Little Oblivions
Julien Baker
Peu de sentiments sont aussi satisfaisants pour nous autres brutalisé·e·s de musique que d'être témoin d'une évolution musicale logique et réfléchie. Ça tombe bien, le troisième album de Julien Baker, Little Oblivions, représente justement une mue réussie. Ayant commencé par briser nos petits cœurs en 2015 sur Sprained Ankle, où sa folk introspective lui permettait de dévoiler sa relation avec la foi et les déceptions amoureuses, la native du Tennessee parfait son spectre musical de cordes et autres instruments à vent sur son deuxième album Turn Out the Lights, tout en conservant l'émotion et la poésie qui caractérise sa musique. Ces deux éléments constituent toujours les piliers de la musique de Baker, mais ils se voient ici agrémenter d'une instrumentation plus ample, ne se limitant plus à quelques instruments venant ici ou là donner du poids à la guitare acoustique.

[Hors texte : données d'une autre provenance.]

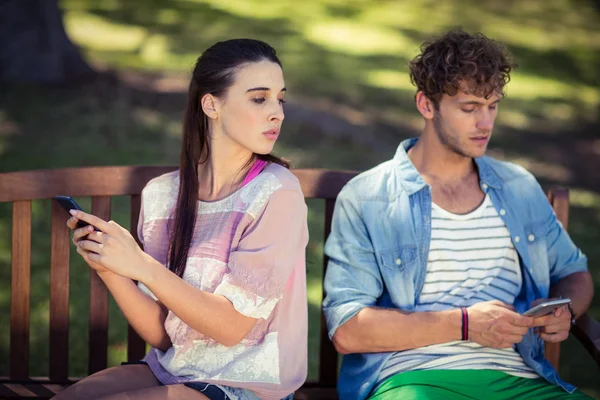 Jealous woman spying her man's mobile phone in park — Stock Photo, Image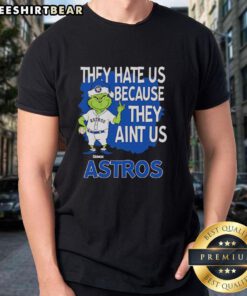 Top Houston Astros Grinch Christmas T-Shirt featuring 'They Hate Us Ain't Us' design, perfect for holiday cheer.
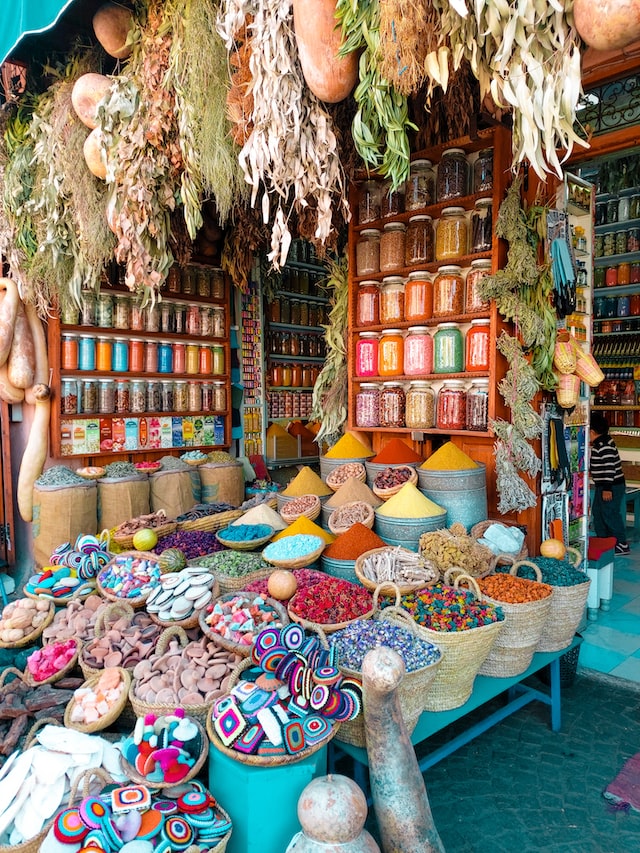 market stall in morocco with colorful spices and goods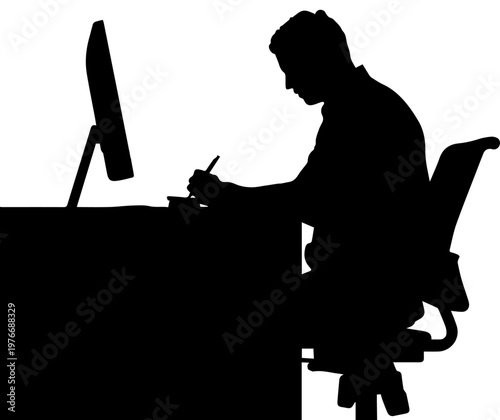 Silhouette of a man working at a desk with a computer monitor and writing with a pen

Le premier élément qui frappe à l'écoute de ce nouvel album, c'est la présence de percussions. C'est tout bonnement la première fois qu'une batterie peut être entendue sur l'un de ses albums. Au-delà de cet état de fait, c'est au premier abord un groupe complet qui semble supporter la prose de la jeune femme, mais c'est Baker elle-même qui a joué de la basse et des percussions. Cette volonté intrinsèque d'étendre son paysage sonore fait peut-être perdre le minimalisme de ses premiers émois, mais l'apport d'une batterie comme celle sur "Ringside" amène une énergie qu'elle n'avait jusque-là approchée qu'en featuring sur le dernier album de Touché Amoré. Les climax se font plus explosifs, comme sur "Highlight Reel", où un buildup plutôt anxiogène se conclut de manière plus dynamique que jamais pour Baker.

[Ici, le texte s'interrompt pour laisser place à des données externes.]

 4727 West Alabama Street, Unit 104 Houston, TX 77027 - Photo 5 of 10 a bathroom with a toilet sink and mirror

L'Américaine semble avoir décidé d'ajouter de la diversité à sa palette musicale, les morceaux voguant entre folk, indie rock, slowcore, post-rock, électronique, shoegaze, country, ou emo, sans jamais laisser un genre prendre le dessus. Avec ces nouveaux atouts, sa musique rappelle le confort de The National (avec qui le producteur Craig Silvey a déjà travaillé), ou les instants les plus grandiloquents d'une Sharon Van Etten. La folkeuse n'abandonne pas ses roots pour autant, "Song in E" étant un piano-voix classique, mais touchant, tandis que "Favor" voit ses comparses Boygenius, Phoebe Bridgers et Lucy Dacus l'accompagner sur des vocalises. Ces deux chansons sont néanmoins des anomalies, la plupart des morceaux faisant la part belle aux envolées musicales. Ce qui rend cette approche si intéressante, c'est dans la façon qu'elle a d'embellir le sous-texte toujours aussi émotionnel, mais plus terre-à-terre de la chanteuse.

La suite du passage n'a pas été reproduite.